Evensen i Karlsen kariery w Łodzi nie zrobili. Pierwszy zagrał w trzech meczach, drugi w czterech. Nie byli złymi piłkarzami. Po prostu nie był to najlepszy okres w historii klubu, zaczęło już brakował pieniędzy i Norwegowie nie mogli skupić się tylko na grze w piłkę. Szybko wyjechali do domu i grali już tylko tam.

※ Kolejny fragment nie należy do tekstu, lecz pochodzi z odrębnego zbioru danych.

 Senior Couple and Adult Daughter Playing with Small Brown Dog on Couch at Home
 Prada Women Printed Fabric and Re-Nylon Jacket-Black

Hansen to piąty obcokrajowiec w kadrze Widzewa. Norweg dołączył do Czecha, Portugalczyka, Włocha i Hiszpana. Czy będą następni? Nie wiadomo. Nieoficjalnie słychać jednak, że już bardzo niedługo do drużyny dołączyć ma obrońca. Pozostaje jeszcze Bartłomiej Pawłowski, który wciąż może trafić do Widzewa.